Не знаю, были ли они телепатами, но на всякий случай, сопровождал слова, насколько был способен, мыслительными аналогами. Кусок материи мне представился почему-то в виде Российского флага. Груз – гиря с помощью, которой наращивают мышцы или придавливают квашеную капусту. Веревка представилась в виде натянутой бельевой с защипками. Та, с которой вел диалог по всем возможным каналам, отбежала вперед метров на десять. Развернулась к колонне и, как-то странно, совсем неожиданно, зашипела и заверещала. Когда пламенная речь закончилась, я уже проходил мимо нее. Из шествия, из разных шеренг отделилось штук двадцать разномастных крыс, которые брызгами разлетелись в разные стороны. Тем временем, я возглавлявший колонну, сошел с Марсова поля и направился через площадь к памятнику Александру Васильевичу Суворову. Меня тоже можно считать генералиссимусом, хотя бы по количеству воинов под знаменем. У монумента оглянулся еще раз, конца крысиной, полноводной реке не было видно. Я бывал на похоронах людей. Приходилось. Но они, или те, на которых мне довелось присутствовать, были какими-то кукольными, суетливыми. Большинство из присутствующих, я в том числе, приходили, чтобы отметиться. Так было положено, принято в человеческом обществе. Не чувствовал ни боли, ни сострадания, ни невосполнимости потери. Ничего такого, чтобы было бы искренним и настоящим.

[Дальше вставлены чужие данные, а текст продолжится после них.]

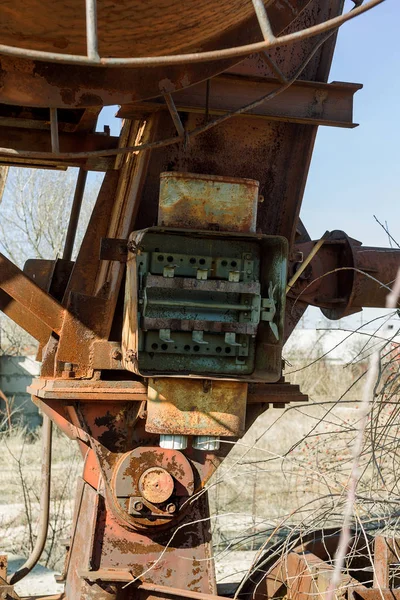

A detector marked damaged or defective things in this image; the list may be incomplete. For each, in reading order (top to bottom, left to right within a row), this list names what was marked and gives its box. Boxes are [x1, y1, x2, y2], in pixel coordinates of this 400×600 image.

rusted metal frame [117, 75, 360, 129]
rusty steel beam [118, 76, 362, 129]
rusted metal frame [63, 170, 88, 262]
rusted metal frame [0, 252, 64, 332] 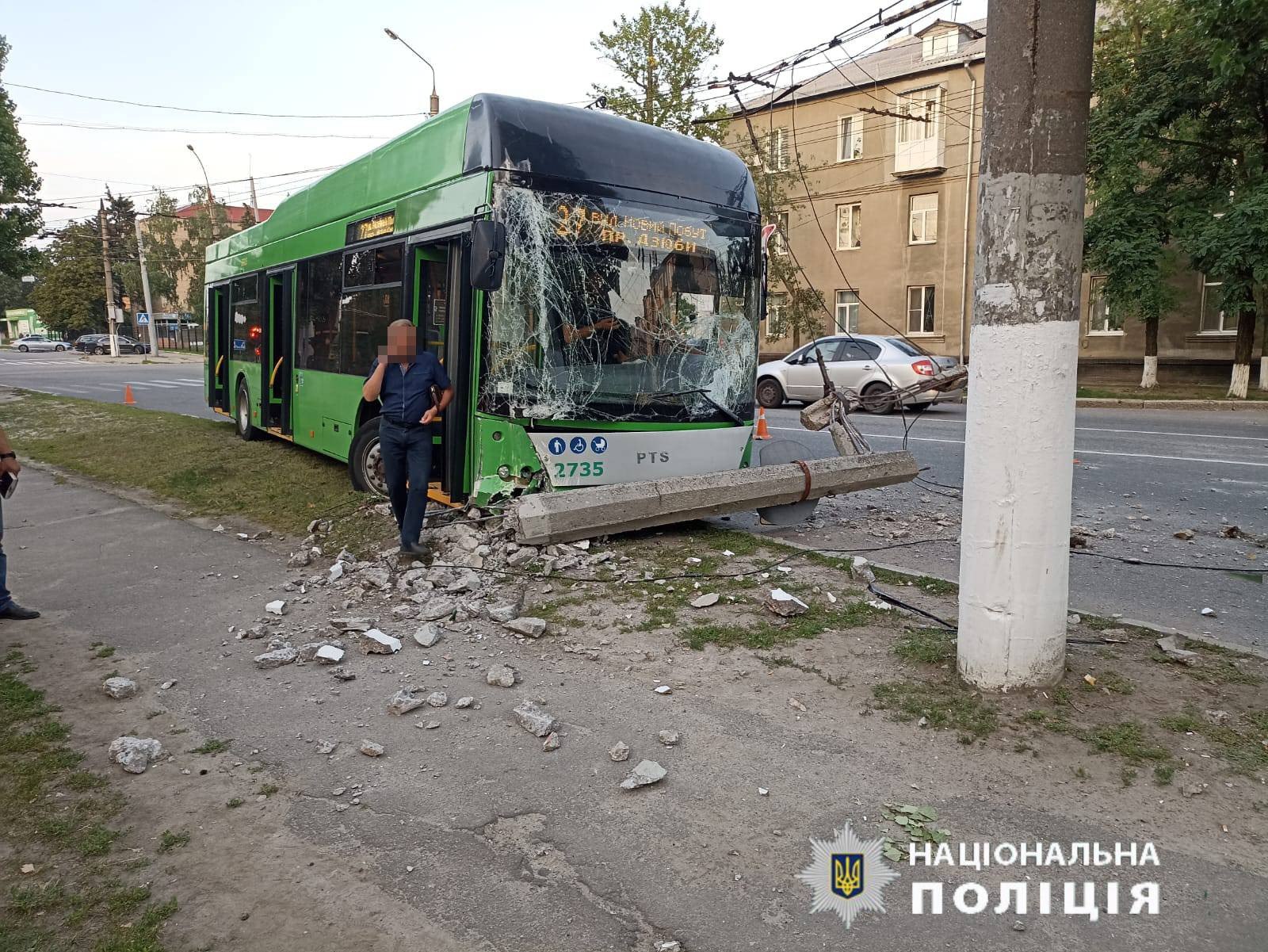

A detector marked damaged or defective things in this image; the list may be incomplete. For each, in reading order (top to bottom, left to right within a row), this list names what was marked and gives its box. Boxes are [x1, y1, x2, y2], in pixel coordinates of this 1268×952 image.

shattered windshield [479, 185, 755, 420]
broken concrete pole base [108, 735, 163, 775] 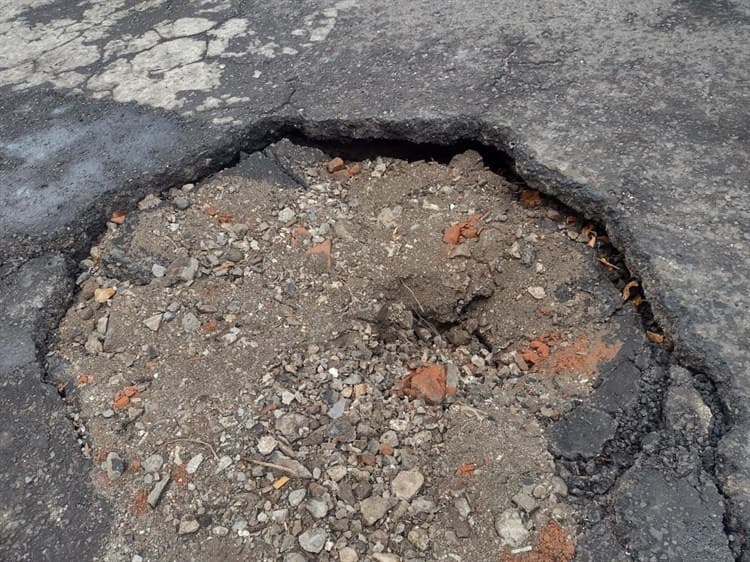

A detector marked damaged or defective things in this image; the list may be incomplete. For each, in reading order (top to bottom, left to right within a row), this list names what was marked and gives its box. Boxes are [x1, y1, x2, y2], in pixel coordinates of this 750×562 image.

large pothole [51, 140, 668, 560] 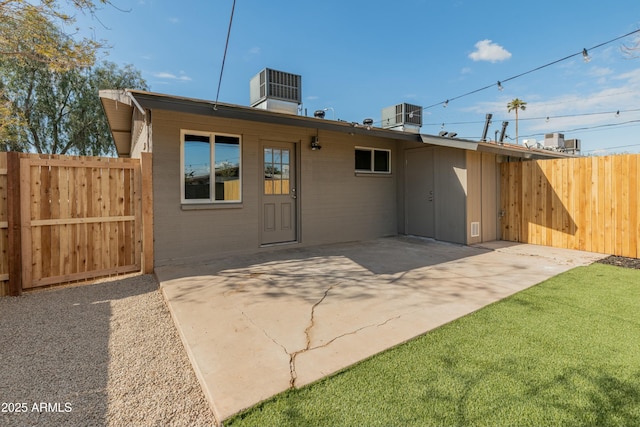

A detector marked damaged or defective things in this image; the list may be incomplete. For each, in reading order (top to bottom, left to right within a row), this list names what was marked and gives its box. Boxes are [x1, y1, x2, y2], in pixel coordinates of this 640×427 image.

crack in concrete [288, 286, 332, 390] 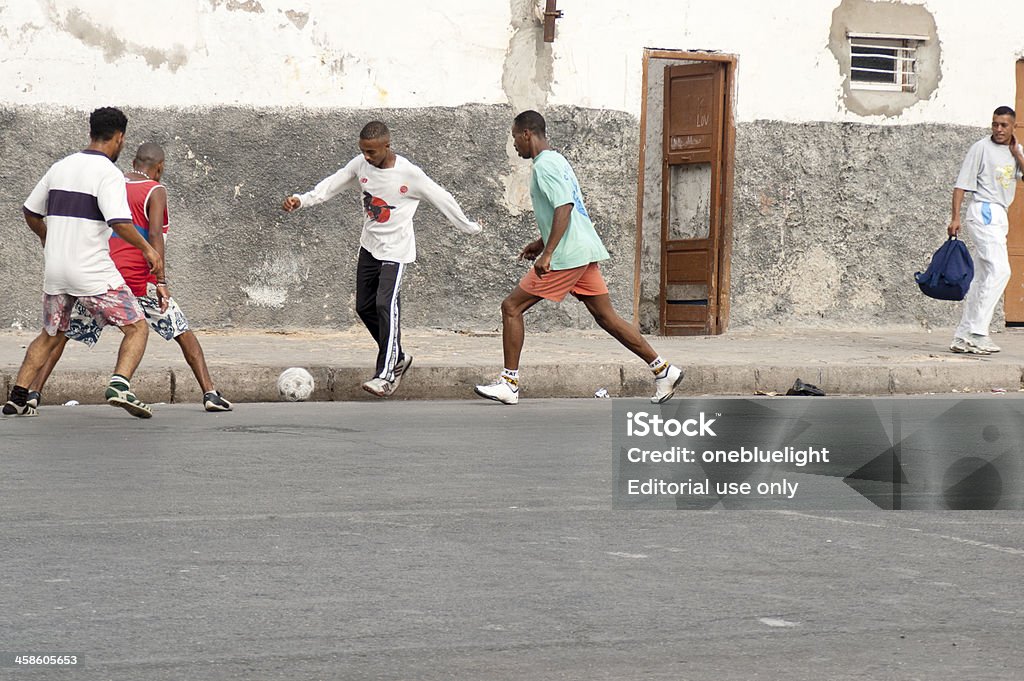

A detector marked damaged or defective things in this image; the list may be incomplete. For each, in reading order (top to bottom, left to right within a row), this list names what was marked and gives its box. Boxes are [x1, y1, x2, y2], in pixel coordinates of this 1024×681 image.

crack in wall [497, 0, 552, 214] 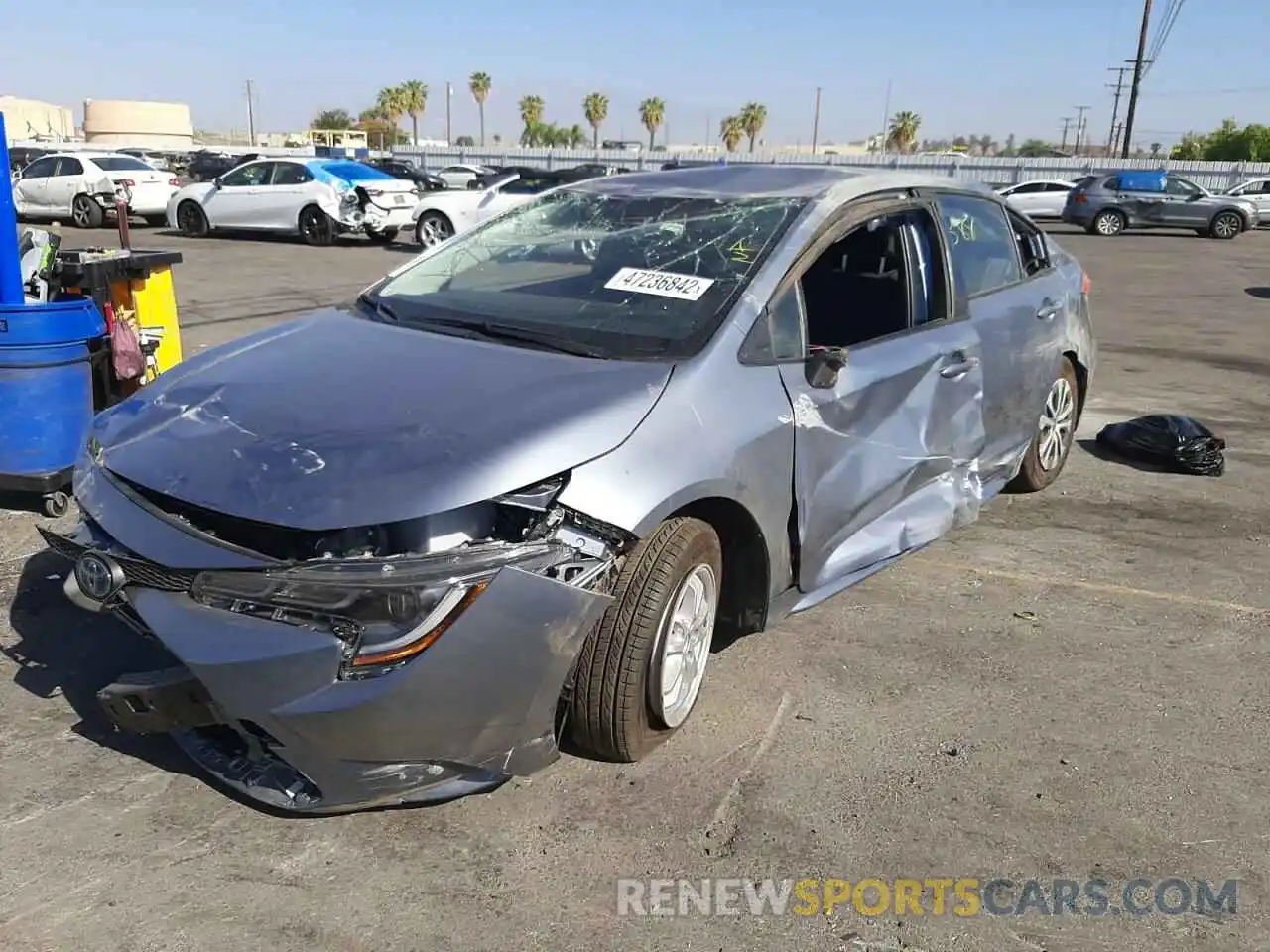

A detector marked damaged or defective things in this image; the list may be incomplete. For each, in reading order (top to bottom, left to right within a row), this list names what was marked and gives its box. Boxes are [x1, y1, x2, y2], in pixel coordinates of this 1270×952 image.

shattered windshield [369, 187, 802, 359]
crumpled front bumper [50, 512, 619, 809]
cracked headlight [192, 539, 572, 682]
damaged silver toyota corolla [37, 164, 1095, 809] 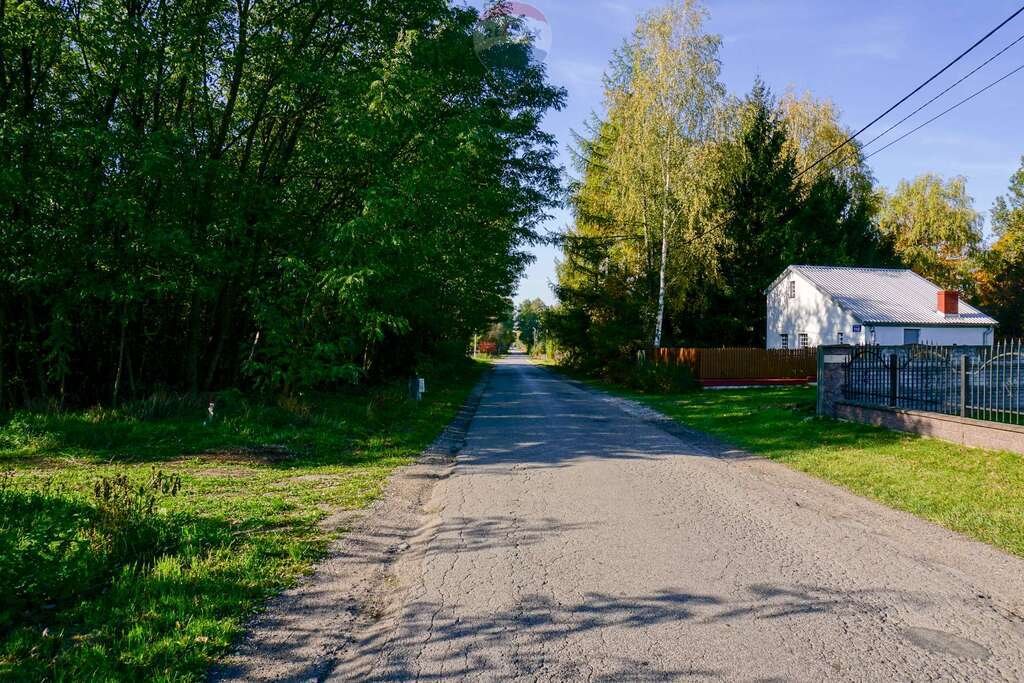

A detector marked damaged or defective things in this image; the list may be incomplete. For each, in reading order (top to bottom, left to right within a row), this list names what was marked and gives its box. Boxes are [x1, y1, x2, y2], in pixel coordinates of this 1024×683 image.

cracked asphalt surface [218, 356, 1024, 679] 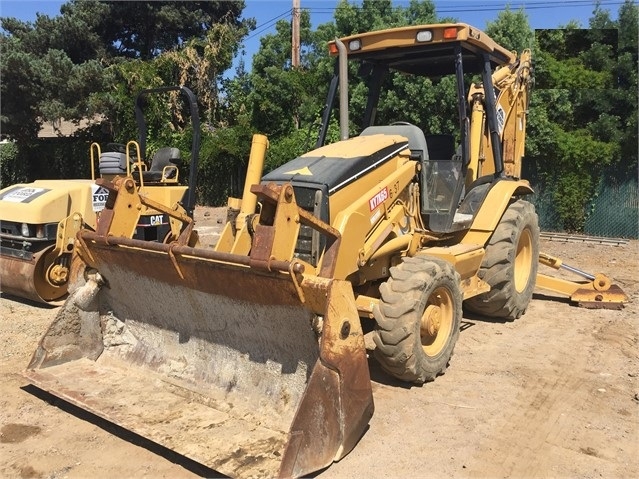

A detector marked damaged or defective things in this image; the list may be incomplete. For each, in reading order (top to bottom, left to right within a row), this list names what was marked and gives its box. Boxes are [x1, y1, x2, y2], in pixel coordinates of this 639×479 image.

Эта скорбь была правдивой у всех присутствующих. Ощущение потери было коллективным. Было больно, защемлено внутри. Вот и набережная. Бросил взгляд влево, огромная, почти правильной формы полынья. Здесь Другие под лед спустили прах Наташи. Здесь найдет последнюю, неспокойную обитель Шура. Такую же, каким был ее характер.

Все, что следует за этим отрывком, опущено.